'''

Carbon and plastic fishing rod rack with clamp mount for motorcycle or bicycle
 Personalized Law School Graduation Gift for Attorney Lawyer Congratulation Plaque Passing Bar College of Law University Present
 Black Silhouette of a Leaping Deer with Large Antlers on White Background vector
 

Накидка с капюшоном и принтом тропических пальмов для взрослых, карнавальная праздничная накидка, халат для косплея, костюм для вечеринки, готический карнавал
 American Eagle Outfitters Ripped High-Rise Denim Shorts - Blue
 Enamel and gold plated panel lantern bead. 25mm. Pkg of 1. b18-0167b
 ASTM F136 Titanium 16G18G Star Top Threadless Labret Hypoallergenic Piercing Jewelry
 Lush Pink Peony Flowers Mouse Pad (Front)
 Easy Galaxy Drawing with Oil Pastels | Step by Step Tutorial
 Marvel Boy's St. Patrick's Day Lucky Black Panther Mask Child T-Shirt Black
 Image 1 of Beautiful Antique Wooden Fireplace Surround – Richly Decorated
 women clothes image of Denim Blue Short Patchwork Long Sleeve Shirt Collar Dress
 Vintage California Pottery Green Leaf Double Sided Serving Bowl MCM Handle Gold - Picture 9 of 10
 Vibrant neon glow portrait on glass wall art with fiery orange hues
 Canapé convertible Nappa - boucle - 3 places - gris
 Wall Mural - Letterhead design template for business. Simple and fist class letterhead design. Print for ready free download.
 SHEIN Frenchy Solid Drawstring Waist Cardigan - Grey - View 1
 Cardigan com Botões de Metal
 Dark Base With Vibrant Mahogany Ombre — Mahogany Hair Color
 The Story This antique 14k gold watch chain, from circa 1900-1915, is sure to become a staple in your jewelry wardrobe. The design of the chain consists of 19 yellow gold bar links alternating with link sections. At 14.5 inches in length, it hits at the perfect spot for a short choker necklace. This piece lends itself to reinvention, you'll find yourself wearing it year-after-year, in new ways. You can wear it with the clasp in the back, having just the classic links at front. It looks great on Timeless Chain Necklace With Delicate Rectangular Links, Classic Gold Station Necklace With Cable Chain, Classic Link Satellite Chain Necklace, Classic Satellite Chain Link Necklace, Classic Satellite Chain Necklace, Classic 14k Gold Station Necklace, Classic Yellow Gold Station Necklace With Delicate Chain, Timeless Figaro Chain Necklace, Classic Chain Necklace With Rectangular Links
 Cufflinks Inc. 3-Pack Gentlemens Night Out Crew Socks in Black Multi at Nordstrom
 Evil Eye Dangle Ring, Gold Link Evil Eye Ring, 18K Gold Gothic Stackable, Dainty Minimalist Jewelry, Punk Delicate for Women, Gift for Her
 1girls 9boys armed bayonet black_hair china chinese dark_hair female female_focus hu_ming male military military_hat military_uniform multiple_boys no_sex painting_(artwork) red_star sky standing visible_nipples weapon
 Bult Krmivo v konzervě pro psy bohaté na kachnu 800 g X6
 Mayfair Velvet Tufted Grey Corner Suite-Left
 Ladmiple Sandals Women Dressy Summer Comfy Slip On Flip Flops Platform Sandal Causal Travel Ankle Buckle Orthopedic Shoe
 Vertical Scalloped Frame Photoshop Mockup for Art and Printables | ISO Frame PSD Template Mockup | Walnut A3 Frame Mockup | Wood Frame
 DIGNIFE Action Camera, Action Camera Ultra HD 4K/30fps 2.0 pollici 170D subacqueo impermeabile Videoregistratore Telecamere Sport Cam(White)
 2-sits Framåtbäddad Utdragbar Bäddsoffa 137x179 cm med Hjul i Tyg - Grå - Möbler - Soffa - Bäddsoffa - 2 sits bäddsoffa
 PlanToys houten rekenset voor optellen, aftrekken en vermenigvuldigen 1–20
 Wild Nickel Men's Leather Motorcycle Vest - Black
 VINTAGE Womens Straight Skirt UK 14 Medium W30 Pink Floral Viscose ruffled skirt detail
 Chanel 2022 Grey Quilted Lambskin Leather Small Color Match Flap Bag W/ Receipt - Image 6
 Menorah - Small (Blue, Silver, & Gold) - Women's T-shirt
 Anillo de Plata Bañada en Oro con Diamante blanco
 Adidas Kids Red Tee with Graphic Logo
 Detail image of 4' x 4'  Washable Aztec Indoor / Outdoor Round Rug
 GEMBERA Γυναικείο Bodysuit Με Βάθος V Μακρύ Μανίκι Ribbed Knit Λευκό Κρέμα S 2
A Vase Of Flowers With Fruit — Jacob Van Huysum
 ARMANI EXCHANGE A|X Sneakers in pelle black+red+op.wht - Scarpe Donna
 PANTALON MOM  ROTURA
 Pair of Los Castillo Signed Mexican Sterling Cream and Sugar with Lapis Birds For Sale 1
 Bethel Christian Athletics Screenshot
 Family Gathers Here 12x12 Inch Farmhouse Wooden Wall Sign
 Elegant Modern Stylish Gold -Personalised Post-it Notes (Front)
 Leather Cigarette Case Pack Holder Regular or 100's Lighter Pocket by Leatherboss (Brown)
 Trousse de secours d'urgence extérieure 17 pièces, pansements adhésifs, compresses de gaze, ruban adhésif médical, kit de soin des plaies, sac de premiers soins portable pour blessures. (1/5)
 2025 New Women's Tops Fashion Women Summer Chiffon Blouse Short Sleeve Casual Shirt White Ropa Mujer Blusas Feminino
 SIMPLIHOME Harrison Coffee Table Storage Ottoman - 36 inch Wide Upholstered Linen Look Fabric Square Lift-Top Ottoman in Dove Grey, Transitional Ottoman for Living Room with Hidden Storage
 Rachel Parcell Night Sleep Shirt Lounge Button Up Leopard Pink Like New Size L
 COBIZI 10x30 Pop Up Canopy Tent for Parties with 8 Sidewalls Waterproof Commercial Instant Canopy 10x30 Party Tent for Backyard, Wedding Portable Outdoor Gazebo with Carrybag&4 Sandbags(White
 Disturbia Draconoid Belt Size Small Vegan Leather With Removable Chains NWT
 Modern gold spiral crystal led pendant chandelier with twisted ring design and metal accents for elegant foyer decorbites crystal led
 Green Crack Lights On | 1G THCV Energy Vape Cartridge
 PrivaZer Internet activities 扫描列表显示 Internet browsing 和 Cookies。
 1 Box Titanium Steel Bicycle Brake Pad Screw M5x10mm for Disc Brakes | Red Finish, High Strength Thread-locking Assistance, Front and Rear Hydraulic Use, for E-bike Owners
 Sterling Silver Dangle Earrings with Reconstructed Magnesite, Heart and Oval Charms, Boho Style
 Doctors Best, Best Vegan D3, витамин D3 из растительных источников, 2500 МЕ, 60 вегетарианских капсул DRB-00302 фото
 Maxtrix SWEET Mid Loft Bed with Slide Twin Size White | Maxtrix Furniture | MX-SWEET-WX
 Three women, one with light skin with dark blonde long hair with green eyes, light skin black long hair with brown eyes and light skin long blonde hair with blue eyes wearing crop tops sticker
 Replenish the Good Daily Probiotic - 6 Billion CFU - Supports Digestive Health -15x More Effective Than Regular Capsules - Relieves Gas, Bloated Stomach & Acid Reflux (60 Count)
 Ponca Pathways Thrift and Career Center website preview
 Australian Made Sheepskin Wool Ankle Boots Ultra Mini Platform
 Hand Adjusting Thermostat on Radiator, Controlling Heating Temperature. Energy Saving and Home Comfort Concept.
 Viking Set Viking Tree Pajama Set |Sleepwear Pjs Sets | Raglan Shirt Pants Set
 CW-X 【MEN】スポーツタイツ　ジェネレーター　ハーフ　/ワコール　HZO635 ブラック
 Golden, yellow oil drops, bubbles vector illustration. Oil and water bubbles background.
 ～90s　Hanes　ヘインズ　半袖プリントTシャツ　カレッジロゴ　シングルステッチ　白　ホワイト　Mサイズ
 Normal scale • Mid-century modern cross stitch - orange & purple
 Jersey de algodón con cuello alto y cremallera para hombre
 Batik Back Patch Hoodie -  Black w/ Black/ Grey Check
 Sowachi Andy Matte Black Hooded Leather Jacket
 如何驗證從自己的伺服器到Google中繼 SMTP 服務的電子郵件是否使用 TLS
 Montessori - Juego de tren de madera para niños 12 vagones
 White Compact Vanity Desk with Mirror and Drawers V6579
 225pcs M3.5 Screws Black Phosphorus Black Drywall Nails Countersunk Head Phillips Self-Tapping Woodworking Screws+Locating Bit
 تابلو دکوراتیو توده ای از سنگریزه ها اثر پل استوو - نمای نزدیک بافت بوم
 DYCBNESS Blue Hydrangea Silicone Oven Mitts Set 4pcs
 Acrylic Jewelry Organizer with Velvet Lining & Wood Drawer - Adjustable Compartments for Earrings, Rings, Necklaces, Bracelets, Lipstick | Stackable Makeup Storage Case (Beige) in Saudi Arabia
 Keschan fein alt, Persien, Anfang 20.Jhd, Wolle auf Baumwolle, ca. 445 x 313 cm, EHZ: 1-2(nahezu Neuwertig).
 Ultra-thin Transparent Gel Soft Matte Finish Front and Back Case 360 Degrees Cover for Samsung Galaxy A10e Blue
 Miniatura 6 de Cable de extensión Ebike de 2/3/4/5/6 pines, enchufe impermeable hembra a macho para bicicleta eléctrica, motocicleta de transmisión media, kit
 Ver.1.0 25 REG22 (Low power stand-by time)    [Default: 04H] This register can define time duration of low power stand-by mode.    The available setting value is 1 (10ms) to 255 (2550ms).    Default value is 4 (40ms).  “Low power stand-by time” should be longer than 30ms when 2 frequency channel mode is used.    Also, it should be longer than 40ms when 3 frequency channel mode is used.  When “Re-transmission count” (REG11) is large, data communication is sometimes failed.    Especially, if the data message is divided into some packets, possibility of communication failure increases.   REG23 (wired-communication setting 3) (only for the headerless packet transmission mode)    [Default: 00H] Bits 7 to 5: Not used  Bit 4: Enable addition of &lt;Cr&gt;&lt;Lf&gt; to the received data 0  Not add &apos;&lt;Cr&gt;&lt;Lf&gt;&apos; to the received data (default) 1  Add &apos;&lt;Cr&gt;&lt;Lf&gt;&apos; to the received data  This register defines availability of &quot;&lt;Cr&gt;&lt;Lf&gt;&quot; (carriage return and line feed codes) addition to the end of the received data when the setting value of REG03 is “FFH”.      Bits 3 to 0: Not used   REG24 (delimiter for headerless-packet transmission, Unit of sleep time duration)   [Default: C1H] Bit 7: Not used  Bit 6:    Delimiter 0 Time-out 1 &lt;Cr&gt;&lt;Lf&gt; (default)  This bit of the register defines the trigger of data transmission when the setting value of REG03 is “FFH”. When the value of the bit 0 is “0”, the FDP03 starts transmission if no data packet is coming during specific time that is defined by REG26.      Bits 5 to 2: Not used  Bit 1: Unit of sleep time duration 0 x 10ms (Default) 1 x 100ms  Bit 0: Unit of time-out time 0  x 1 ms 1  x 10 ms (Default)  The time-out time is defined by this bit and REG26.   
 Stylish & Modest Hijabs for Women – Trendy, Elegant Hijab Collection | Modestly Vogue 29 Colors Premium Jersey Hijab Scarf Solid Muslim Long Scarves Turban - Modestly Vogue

'''

> What the exercise asks
Of the lines above, extract only those from the line with "Jersey de algodón" to the line with "تابلو دکوراتیو توده", both included, exactly as written.

> The completed task
 Jersey de algodón con cuello alto y cremallera para hombre
 Batik Back Patch Hoodie -  Black w/ Black/ Grey Check
 Sowachi Andy Matte Black Hooded Leather Jacket
 如何驗證從自己的伺服器到Google中繼 SMTP 服務的電子郵件是否使用 TLS
 Montessori - Juego de tren de madera para niños 12 vagones
 White Compact Vanity Desk with Mirror and Drawers V6579
 225pcs M3.5 Screws Black Phosphorus Black Drywall Nails Countersunk Head Phillips Self-Tapping Woodworking Screws+Locating Bit
 تابلو دکوراتیو توده ای از سنگریزه ها اثر پل استوو - نمای نزدیک بافت بوم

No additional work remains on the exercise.